Fine, that is, until the last stretch of switchbacks down from Vivian Creek. It has been my un-doing in the past, and was again. I could feel my toes slamming against the toes of my tennis shoes on my left foot, and a blister sloshing against the sole of the shoe on the right side. My knees, particularly the left one, began to hurt significantly. We reached the car at 5:00 p.m., 11 hours after starting. It took us 6 hours and 20 minutes to summit and 4 hours and 10 minutes to get back down.

We stopped at A&W in Yucaipa on the way home and Al treated us each to a root beer or root beer float. At home I took off my tennis shoes and found my left big toe nail completely black with blood blisters underneath and some blood blisters above the nail where the nail had jammed into the toe (I popped the blisters with a needle later to relieve the pressure and got a fair amount of blood out). The underside of my right big toe was completely blistered. We cut the skin off and it left a large swathe of exposed red flesh.
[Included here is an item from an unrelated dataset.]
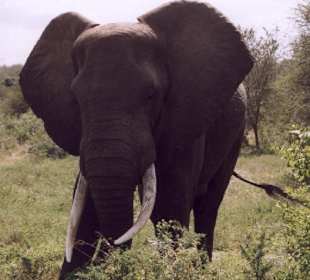 Prächtiger Elefantenbulle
I took a long bath, soaking my sore muscles.

Andrew’s cross country training paid off. He kept a great pace, although he felt some knee pain as well. Fortunately, I weighed about 180 pounds, 40 pounds lighter than I was when I first started losing weight about three months ago, although I am currently out of shape. The weight loss is the only thing that gave me energy to keep going despite my poor shape.

This was Andrew’s second time to summit San Gorgonio (his first time was in 1997, five years earlier via Fish Creek). This was my eighth time to the top of San Gorgonio. My first trip up San Gorgonio was in 1991 with the Third Ward Teachers. We went up past Dollar Lake and turned back not too far short of the summit, due to a snow storm. Subsequently, I have summited three times from Vivian Creek, three times from Fish Creek and twice from Mount San Bernardino as part of our nine peak hikes. It was nice to get up it again.